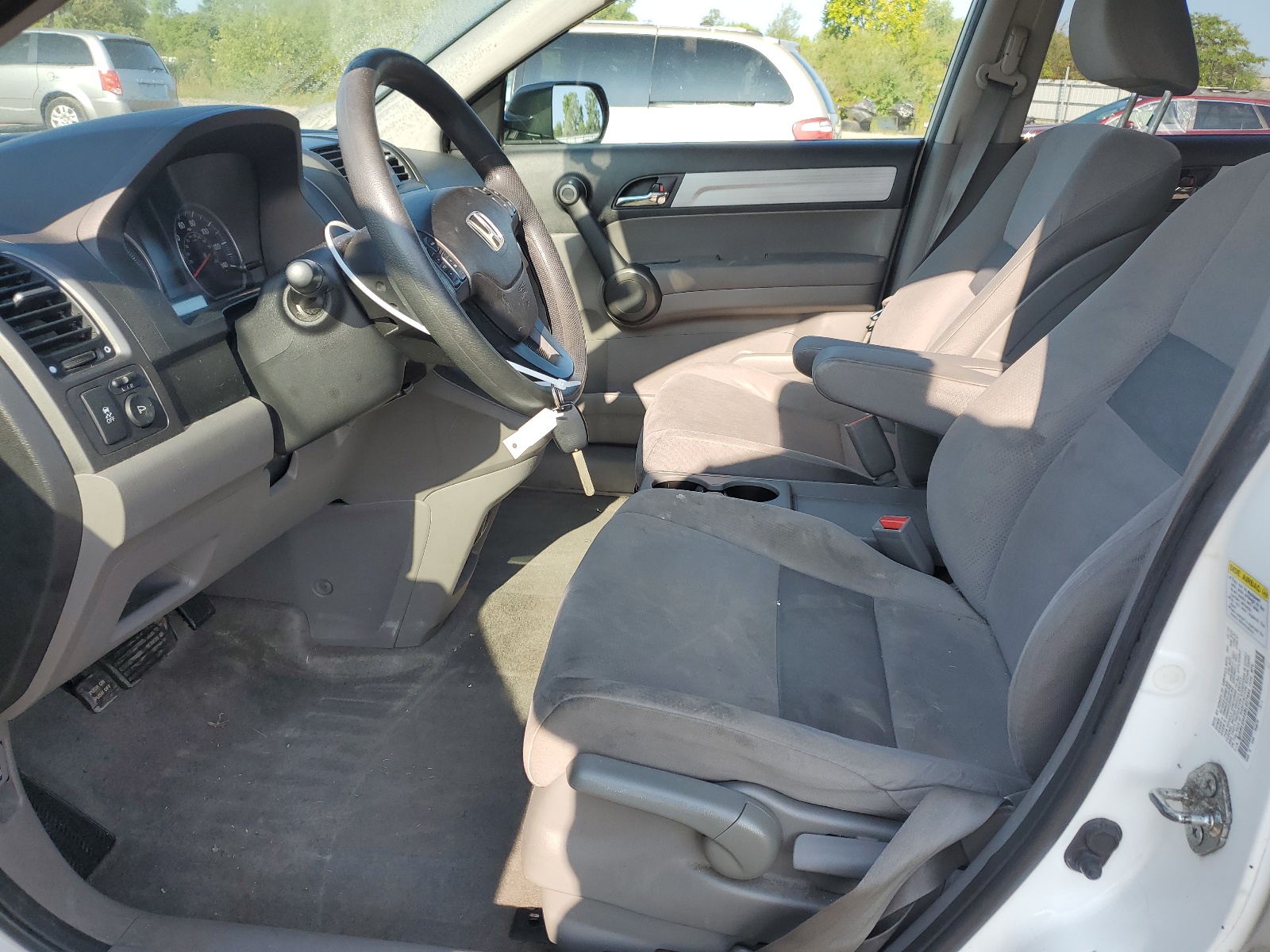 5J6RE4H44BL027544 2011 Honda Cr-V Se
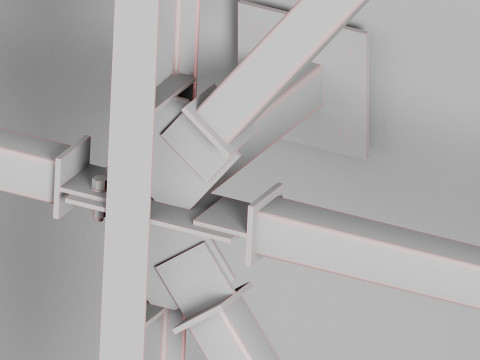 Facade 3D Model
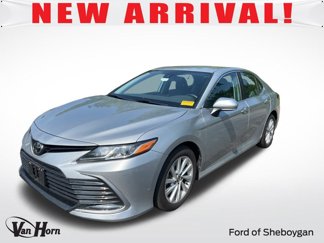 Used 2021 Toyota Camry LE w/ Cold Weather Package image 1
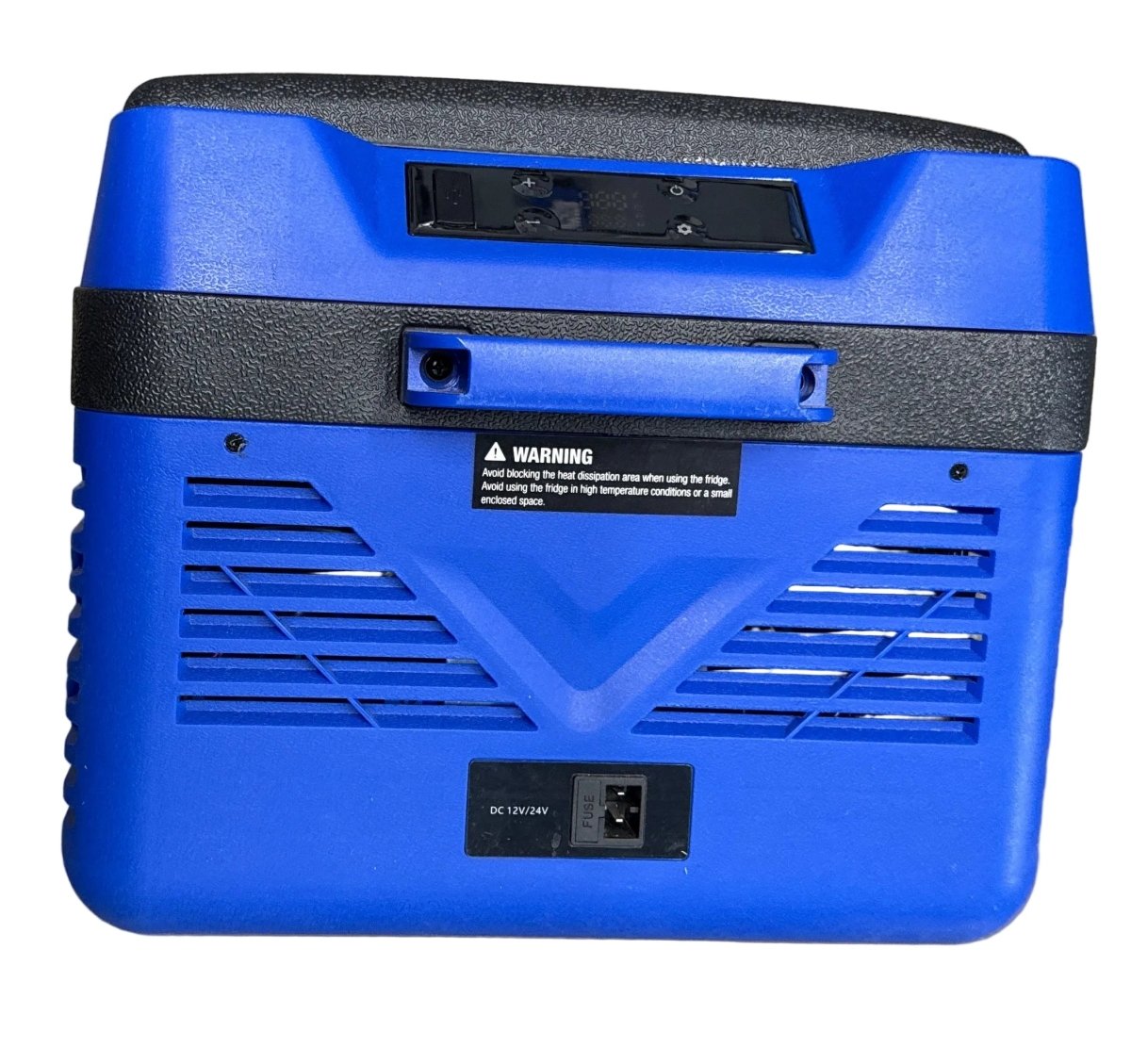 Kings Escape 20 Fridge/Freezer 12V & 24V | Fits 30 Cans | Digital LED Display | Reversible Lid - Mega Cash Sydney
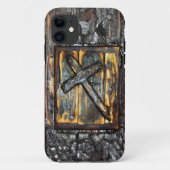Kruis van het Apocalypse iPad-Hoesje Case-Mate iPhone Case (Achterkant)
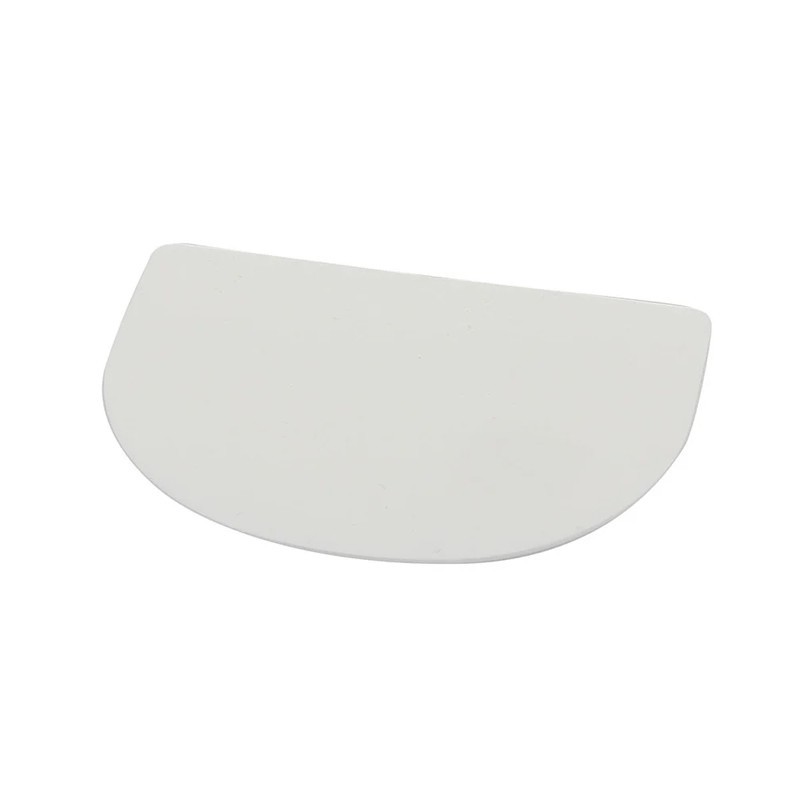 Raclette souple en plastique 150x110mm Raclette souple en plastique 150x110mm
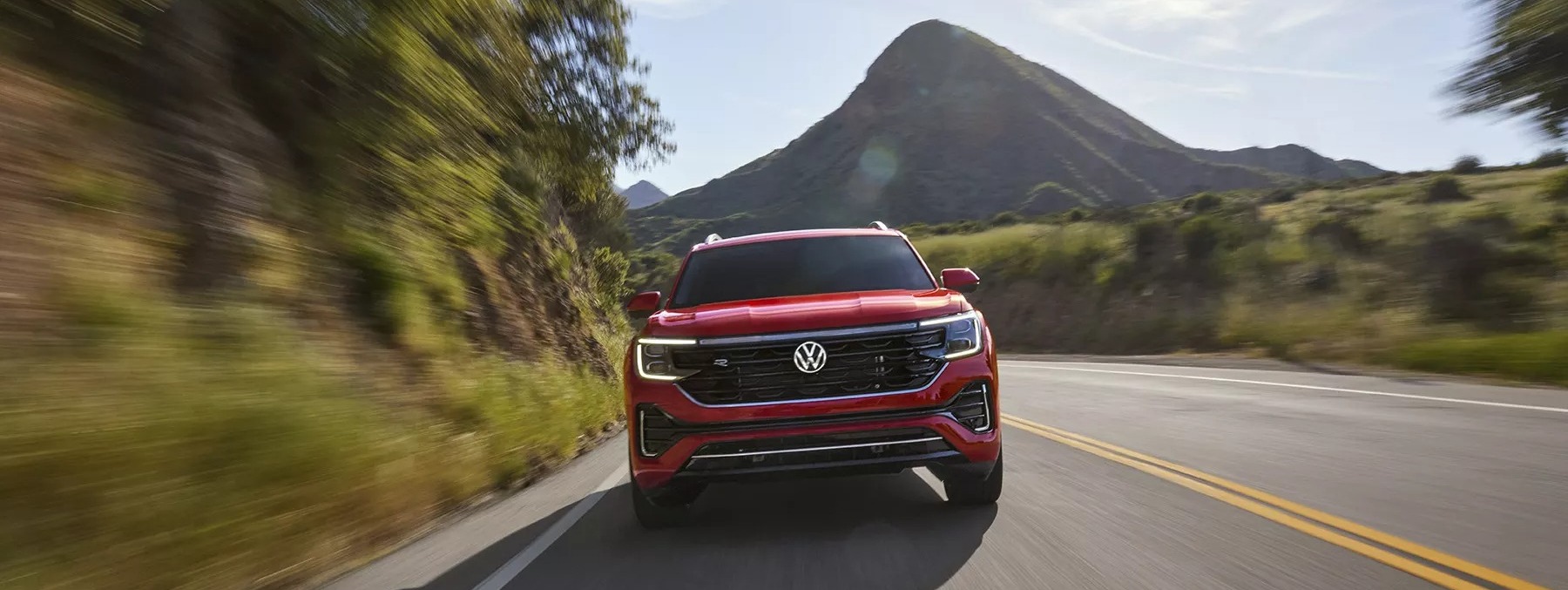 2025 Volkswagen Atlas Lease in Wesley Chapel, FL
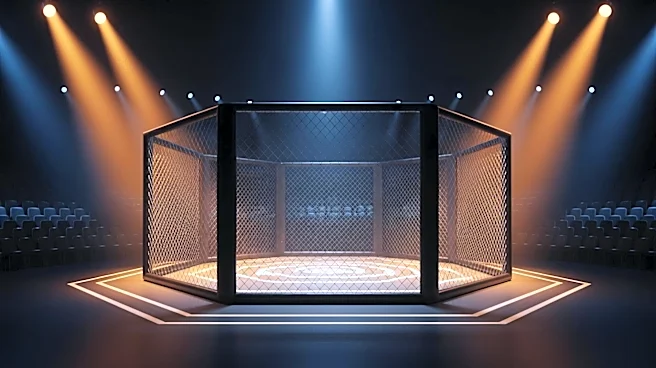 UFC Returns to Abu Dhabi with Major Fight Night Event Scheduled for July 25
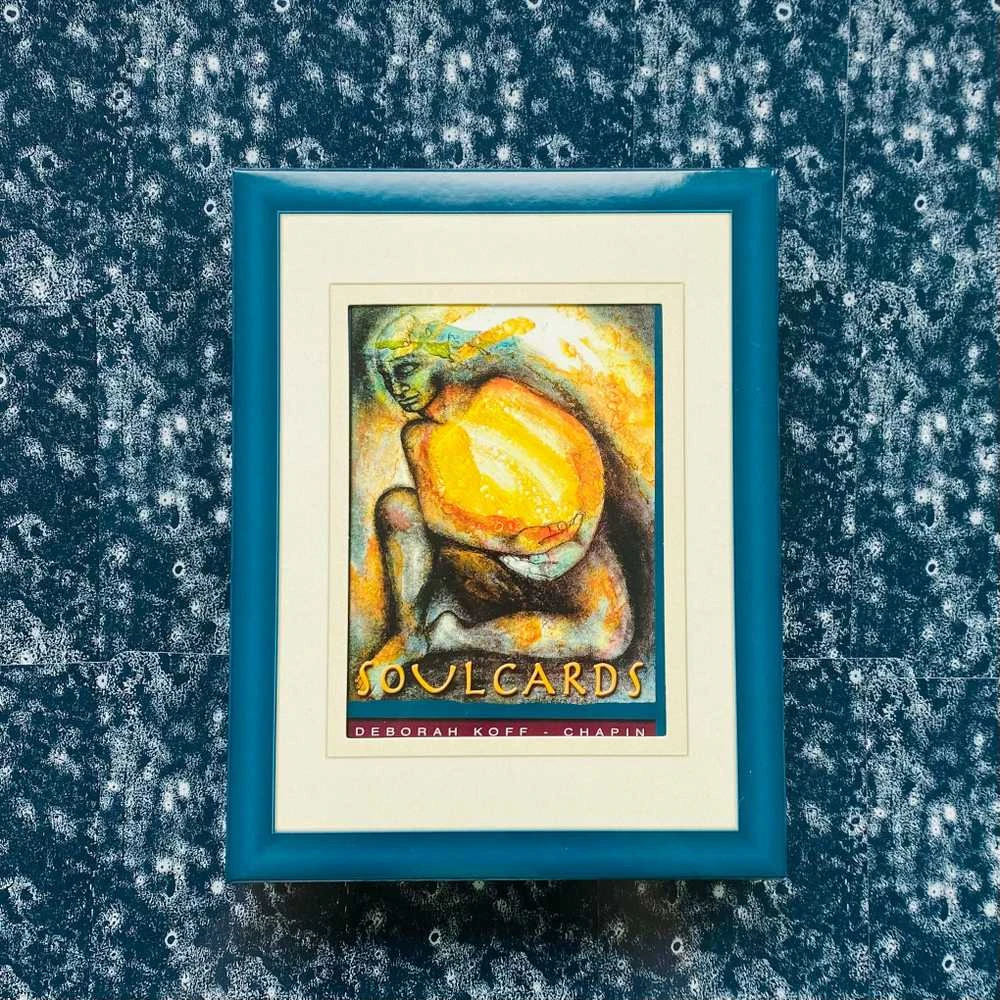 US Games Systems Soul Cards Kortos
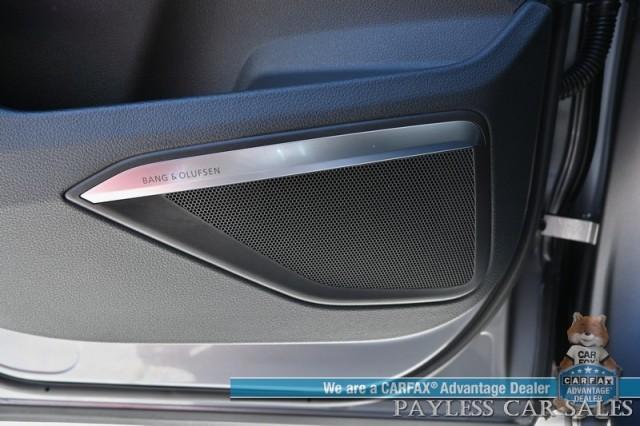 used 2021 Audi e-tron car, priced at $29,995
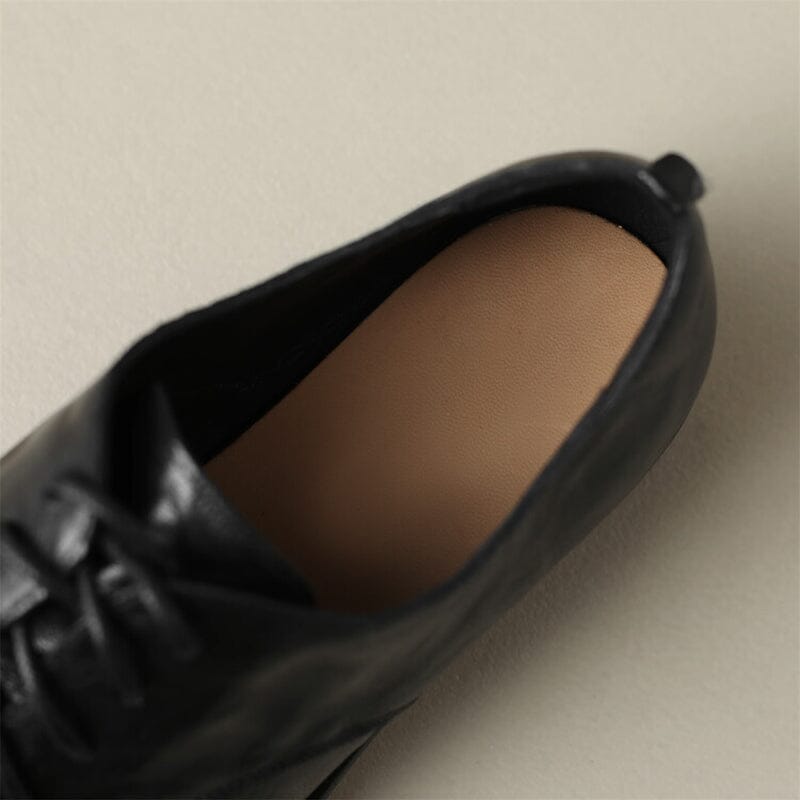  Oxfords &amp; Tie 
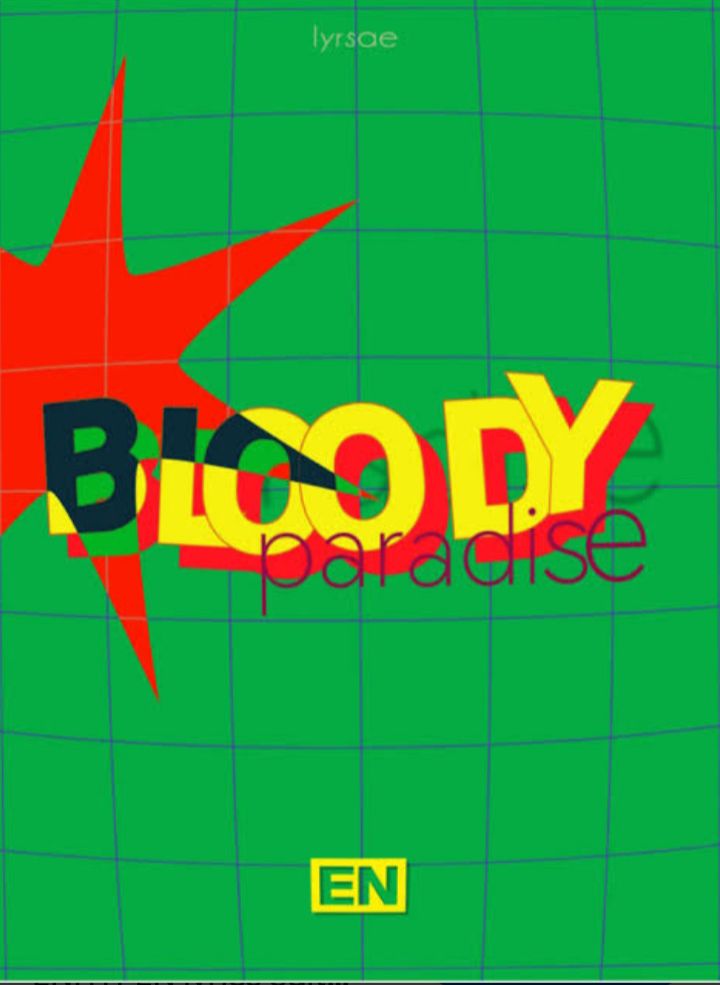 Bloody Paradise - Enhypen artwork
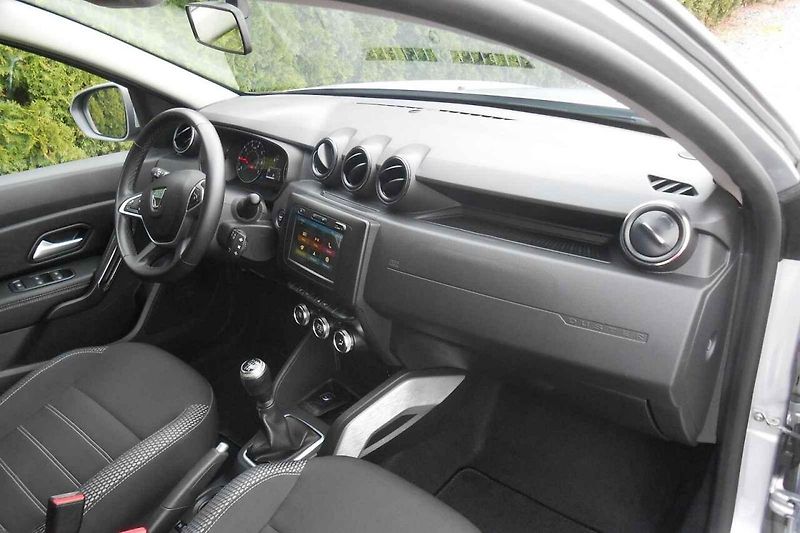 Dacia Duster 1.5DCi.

·····

### Exercise prompt
Reproduce the listing exactly. The pictures are to be omitted.

### Output of the exercise
 5J6RE4H44BL027544 2011 Honda Cr-V Se
 Facade 3D Model
 Used 2021 Toyota Camry LE w/ Cold Weather Package image 1
 Kings Escape 20 Fridge/Freezer 12V & 24V | Fits 30 Cans | Digital LED Display | Reversible Lid - Mega Cash Sydney
Kruis van het Apocalypse iPad-Hoesje Case-Mate iPhone Case (Achterkant)
 Raclette souple en plastique 150x110mm Raclette souple en plastique 150x110mm
 2025 Volkswagen Atlas Lease in Wesley Chapel, FL
 UFC Returns to Abu Dhabi with Major Fight Night Event Scheduled for July 25
 US Games Systems Soul Cards Kortos
 used 2021 Audi e-tron car, priced at $29,995
  Oxfords &amp; Tie 
 Bloody Paradise - Enhypen artwork
 Dacia Duster 1.5DCi.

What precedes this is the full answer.